**Task**
Go through the listing below and retype exactly the lines starting at the one with "Tangkula 10 Tier" and ending at the one with "Finish Nailers |", skipping pictures.

**Raw data**
━━━━━━━━━━
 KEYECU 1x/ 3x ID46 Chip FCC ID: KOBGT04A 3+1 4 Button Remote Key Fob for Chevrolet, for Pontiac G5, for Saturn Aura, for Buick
━━━━━━━━━━
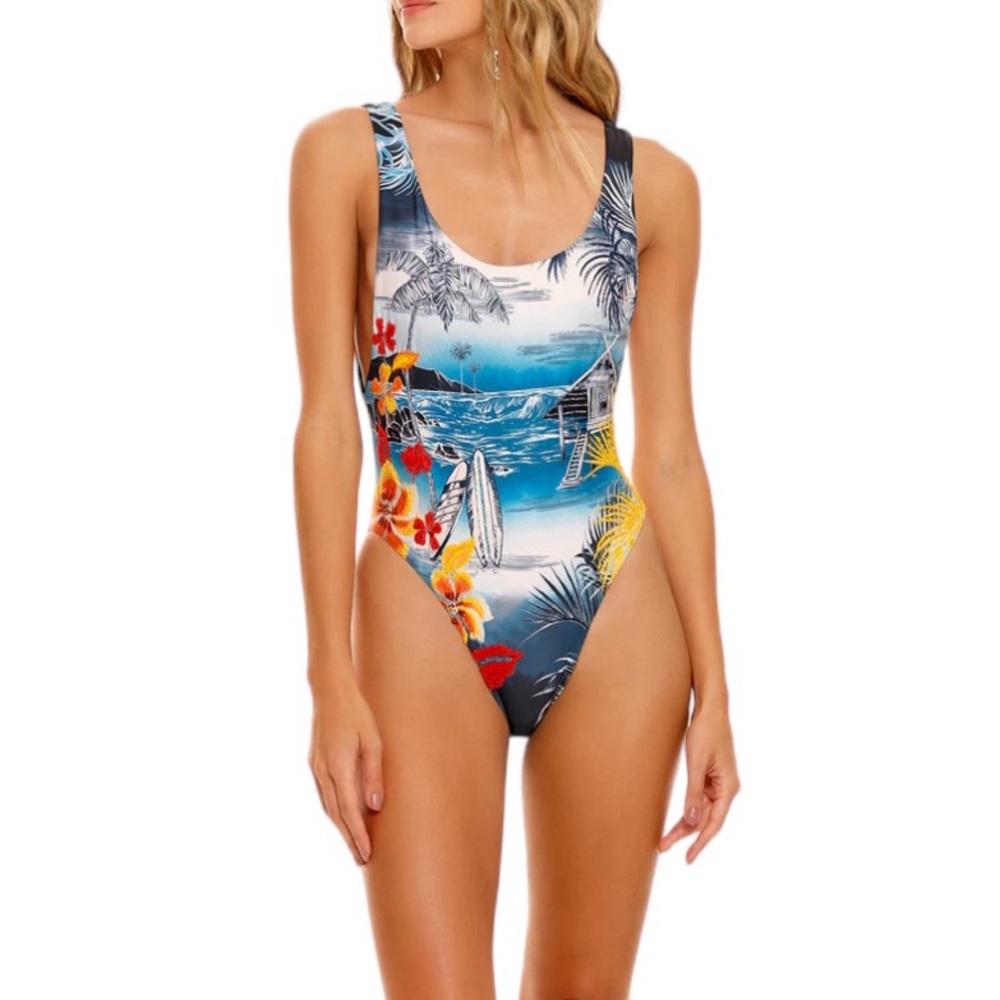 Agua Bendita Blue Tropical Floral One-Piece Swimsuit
━━━━━━━━━━
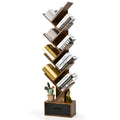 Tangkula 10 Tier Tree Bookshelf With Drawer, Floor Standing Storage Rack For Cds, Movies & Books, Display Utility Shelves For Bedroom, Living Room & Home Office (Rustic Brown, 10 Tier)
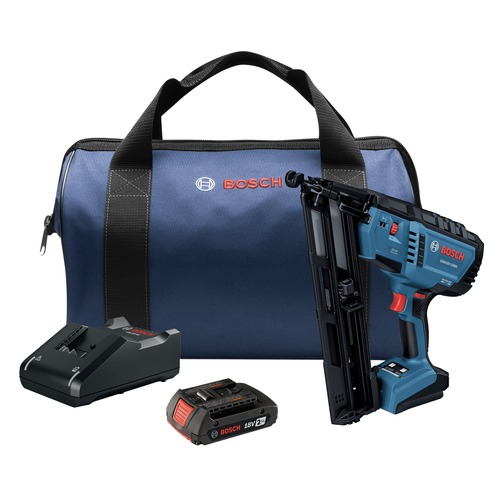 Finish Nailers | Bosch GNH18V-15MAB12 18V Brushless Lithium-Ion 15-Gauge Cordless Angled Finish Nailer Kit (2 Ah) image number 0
━━━━━━━━━━
**Answer space**
 Tangkula 10 Tier Tree Bookshelf With Drawer, Floor Standing Storage Rack For Cds, Movies & Books, Display Utility Shelves For Bedroom, Living Room & Home Office (Rustic Brown, 10 Tier)
 Finish Nailers | Bosch GNH18V-15MAB12 18V Brushless Lithium-Ion 15-Gauge Cordless Angled Finish Nailer Kit (2 Ah) image number 0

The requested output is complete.